What the Sphinx Forgot
The lightning strike had split the ancient oak in half when Maya was seven. Thirty years later, the scarred trunk still stood in her mother's backyard—a monument to destruction that refused to fall.
Maya sat on the porch with James, the friend she'd slept with exactly once, in a moment of grief-soaked weakness after her father's funeral. Three months had passed, and whatever had sparked between them that night had cooled into something safer, something that could be named without embarrassment.
"Your mother asked about you," James said, lighting a cigarette with practiced hands. Maya watched the smoke curl upward, dissolving into the humid evening air.
"She means well."
"She means to marry you off to her dentist's son. There's a difference."
Maya laughed, surprising herself. A fox darted through the overgrown garden at that moment, its russet coat catching the last light. It paused near the split oak, watching them with intelligent eyes before vanishing beneath the hydrangeas.
"Did you know foxes mate for life?" Maya said.
"Is that a fact?"
"No. I just made it up. But it sounds like something that should be true."
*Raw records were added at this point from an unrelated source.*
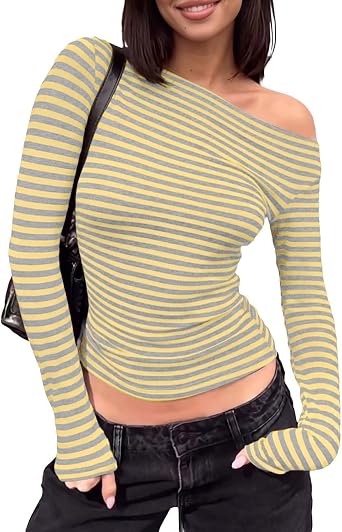 Cioatin Women One Off Shoulder Striped Crop Tee Tops Long Sleeve Slim Fit Tshirt Y2K Aesthetic Fall Going Out Minimalist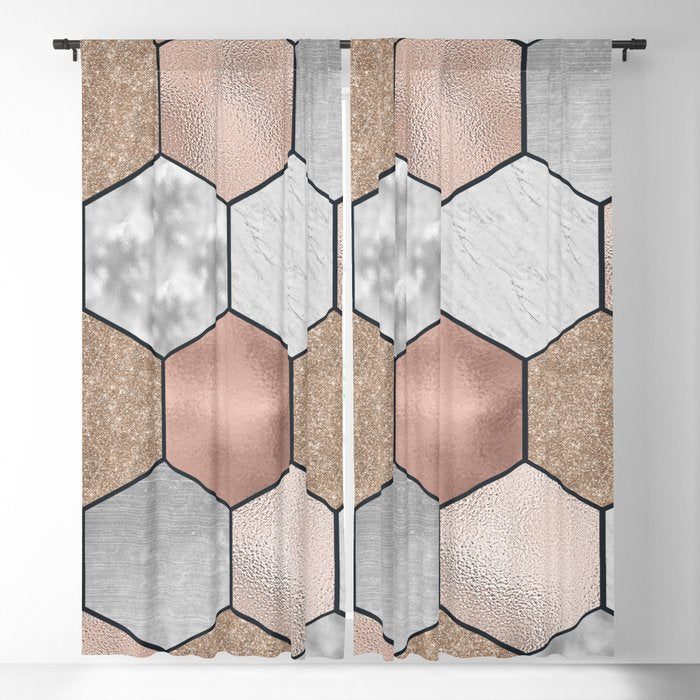 Marble hexagons and rose gold on black Window Curtain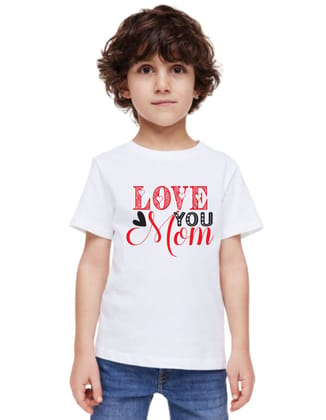 Hplus Junior Boys Printed Tshirt For Love You Mom.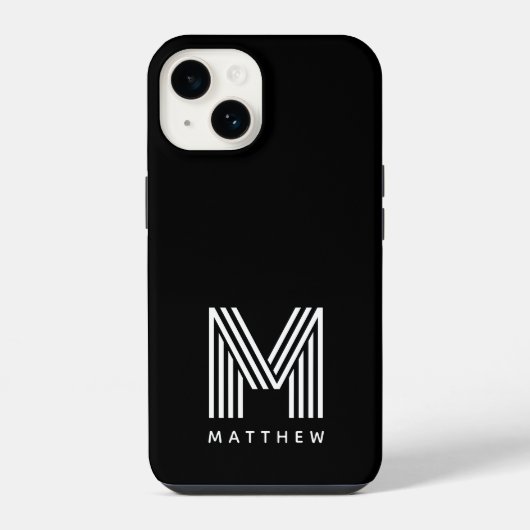 Schwarz-weiße Fettmonogramm iPhone Hülle (Rückseite)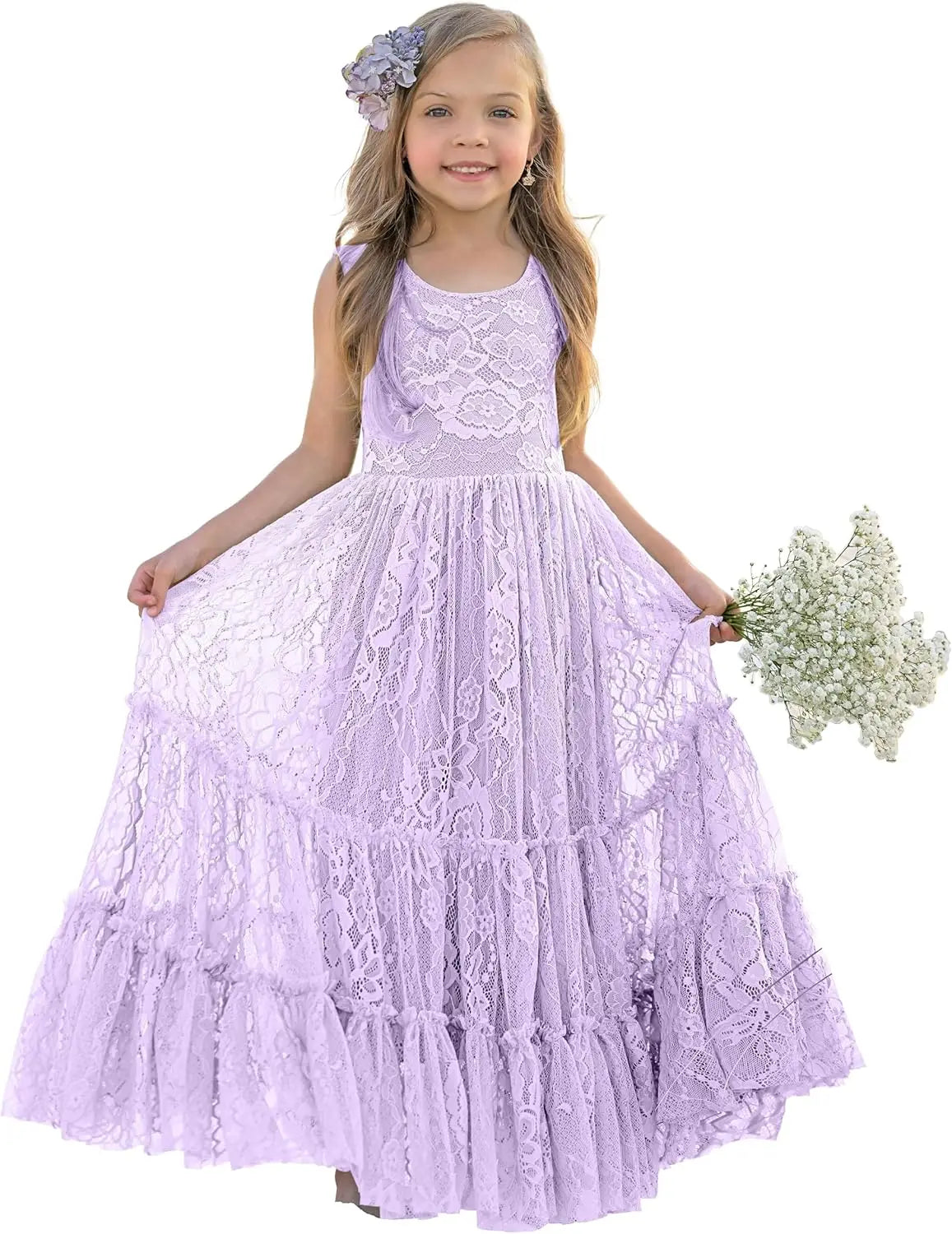 Blumenmädchenkleid Spitze Boho Kleinkindkleider Rüschen Mädchenkleid für Hochzeit Gartenparty Urlaub Kommunion Ärmellos Prinzessin 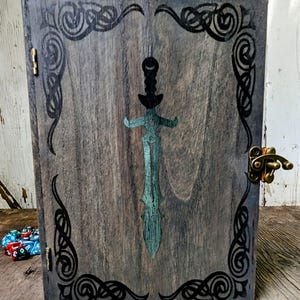 Handcrafted D&D Dice Box ,RPG Dice Storage, Personalized DnD Dice Box, Tabletop RPG Storage, Dice Box Rolling Tray, Dungeons and Dragons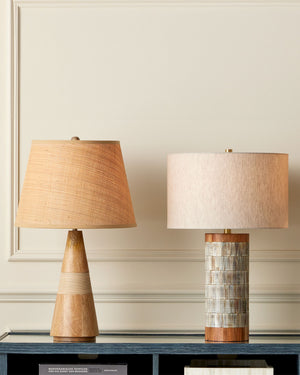Currey & Company Hyson Horn and Bone Table Lamp with Linen Drum Shade Brass Artisan Warmth 6000-0823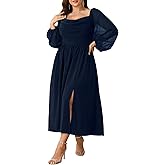 SHESTARR Women's Plus Size Dress Chiffon Long Sleeve Cowl Neck Wedding Guest Cocktail Party Maxi Dress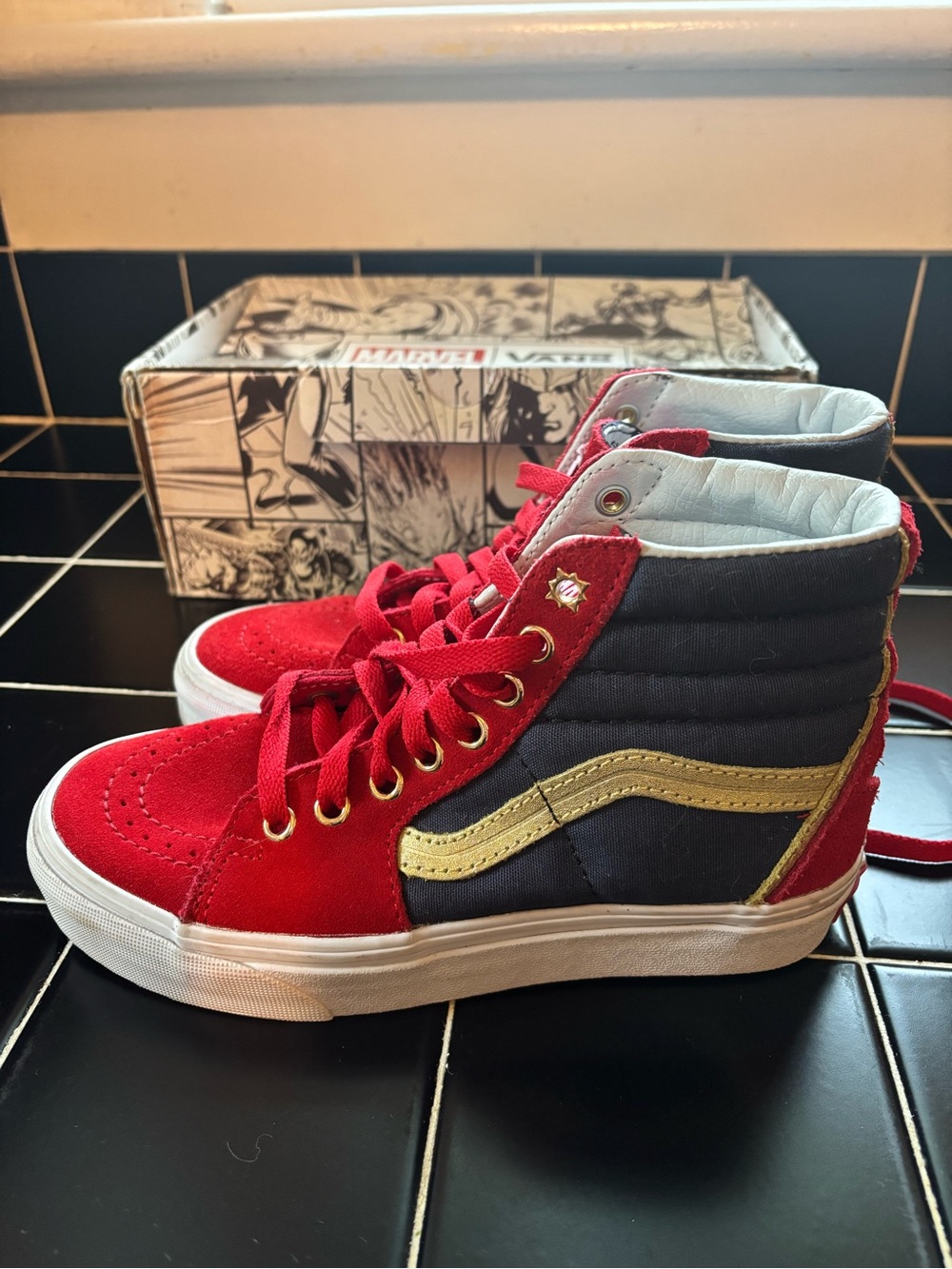 Special Edition MARVEL Vans Kids High-Top Sneakers in Red, Black and Gold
James exhaled smoke. "Everything worth believing was made up by someone."
Later, after he left, Maya found herself walking to the oak tree. In the center of the split trunk, someone had carved something decades ago—a crude sphinx, its weathered face mostly eroded by rain and time. She'd never noticed it before, or perhaps she had, as a child, and forgotten.
The sphinx had no riddles left. Whatever wisdom it once guarded had washed away in the years of storms, the countless lightning strikes that had missed but shaped the sky nonetheless.
Maya touched the worn stone with her fingertips. Her mother would sell the house soon. James would drift into whatever life people like him made—steady, domestic, eventually someone's husband. The fox would find another garden.
Some endings were not catastrophes. Some were simply weather.